The prior hyperparameters will be hard coded in the rest of this section for simplicity, though they could be coded as data in Stan for more flexibility.
1PL (Rasch) Model
The 1PL item-response model, also known as the Rasch model, has one parameter (1P) for questions and uses the logistic link function (L).
The model parameters are declared as follows.
parameters {
real delta; // mean student ability
real alpha[J]; // ability of student j - mean ability
real beta[K]; // difficulty of question k
}
The parameter alpha[j]
is the ability coefficient for student
j
and beta[k]
is the difficulty coefficient for question
k
. The non-standard parameterization used here also includes
an intercept term delta
, which represents the average student’s
response to the average question.4
The model itself is as follows.
model {
alpha ~ std_normal(); // informative true prior
beta ~ std_normal(); // informative true prior
delta ~ normal(0.75, 1); // informative true prior
for (n in 1:N)
y[n] ~ bernoulli_logit(alpha[jj[n]] - beta[kk[n]] + delta);
}
This model uses the logit-parameterized Bernoulli distribution, where
\[ \mathsf{BernoulliLogit}(y \mid \alpha) \ = \ \mathsf{Bernoulli}(y \mid \mbox{logit}^{-1}(\alpha)). \]
The key to understanding it is the term inside the
bernoulli_logit
distribution, from which it follows that
\[
\mbox{Pr}[y_n = 1] = \mbox{logit}^{-1}(\alpha_{jj[n]} - \beta_{kk[n]}
+ \delta).
\]
The model suffers from additive identifiability issues without the priors.

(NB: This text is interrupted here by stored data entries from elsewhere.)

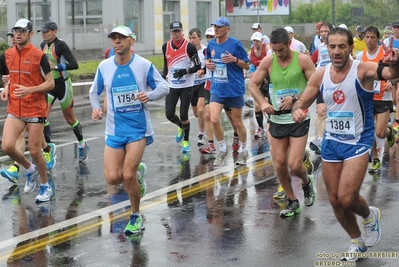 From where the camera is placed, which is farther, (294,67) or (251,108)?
(251,108)

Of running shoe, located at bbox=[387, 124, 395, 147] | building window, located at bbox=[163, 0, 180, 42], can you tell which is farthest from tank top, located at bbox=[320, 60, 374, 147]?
building window, located at bbox=[163, 0, 180, 42]

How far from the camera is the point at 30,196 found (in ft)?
35.2

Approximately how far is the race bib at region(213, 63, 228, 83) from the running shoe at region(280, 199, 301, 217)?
12.8 ft

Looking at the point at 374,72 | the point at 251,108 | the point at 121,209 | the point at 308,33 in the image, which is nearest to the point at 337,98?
the point at 374,72

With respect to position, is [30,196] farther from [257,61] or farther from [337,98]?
[257,61]

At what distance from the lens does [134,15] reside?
154 ft

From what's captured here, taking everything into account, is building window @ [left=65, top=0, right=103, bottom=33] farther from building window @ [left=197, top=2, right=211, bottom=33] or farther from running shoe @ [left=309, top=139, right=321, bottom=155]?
running shoe @ [left=309, top=139, right=321, bottom=155]

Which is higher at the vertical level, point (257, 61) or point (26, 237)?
point (257, 61)

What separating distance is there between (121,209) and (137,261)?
7.24ft

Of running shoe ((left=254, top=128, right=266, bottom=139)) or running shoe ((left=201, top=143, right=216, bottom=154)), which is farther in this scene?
running shoe ((left=254, top=128, right=266, bottom=139))

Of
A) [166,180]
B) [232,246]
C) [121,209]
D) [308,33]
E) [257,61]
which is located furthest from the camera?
[308,33]

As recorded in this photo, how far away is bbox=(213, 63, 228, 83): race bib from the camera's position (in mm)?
13031

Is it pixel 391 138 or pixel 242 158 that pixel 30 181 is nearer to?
pixel 242 158

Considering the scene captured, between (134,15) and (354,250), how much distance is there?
40264mm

For example, adding a term \(\xi\) to each \(\alpha_j\) and \(\beta_k\) results in the same predictions. The use of priors for \(\alpha\) and \(\beta\) located at 0 identifies the parameters; see Gelman and Hill (2007) for a discussion of identifiability issues and alternative approaches to identification.
For testing purposes, the IRT 1PL model distributed with Stan uses informative priors that match the actual data generation process used to simulate the data in R (the simulation code is supplied in the same directory as the models). This is unrealistic for most practical applications, but allows Stan’s inferences to be validated. A simple sensitivity analysis with fatter priors shows that the posterior is fairly sensitive to the prior even with 400 students and 100 questions and only 25% missingness at random. For real applications, the priors should be fit hierarchically along with the other parameters, as described in the next section.
Multilevel 2PL Model
The simple 1PL model described in the previous section is generalized in this section with the addition of a discrimination parameter to model how noisy a question is and by adding multilevel priors for the question difficulty and discrimination parameters. The model parameters are declared as follows.
parameters {
real mu_beta; // mean question difficulty
vector[J] alpha; // ability for j - mean
vector[K] beta; // difficulty for k
vector<lower=0>[K] gamma; // discrimination of k
real<lower=0> sigma_beta; // scale of difficulties
real<lower=0> sigma_gamma; // scale of log discrimination
}
The parameters should be clearer after the model definition.
model {
alpha ~ std_normal();
beta ~ normal(0, sigma_beta);
gamma ~ lognormal(0, sigma_gamma);
mu_beta ~ cauchy(0, 5);
sigma_beta ~ cauchy(0, 5);
sigma_gamma ~ cauchy(0, 5);
y ~ bernoulli_logit(gamma[kk] .* (alpha[jj] - (beta[kk] + mu_beta)));
}
The std_normal
function is used here, defined by
\[ \mathsf{std_normal}(y) \ = \ \mathsf{normal}(y \mid 0, 1). \]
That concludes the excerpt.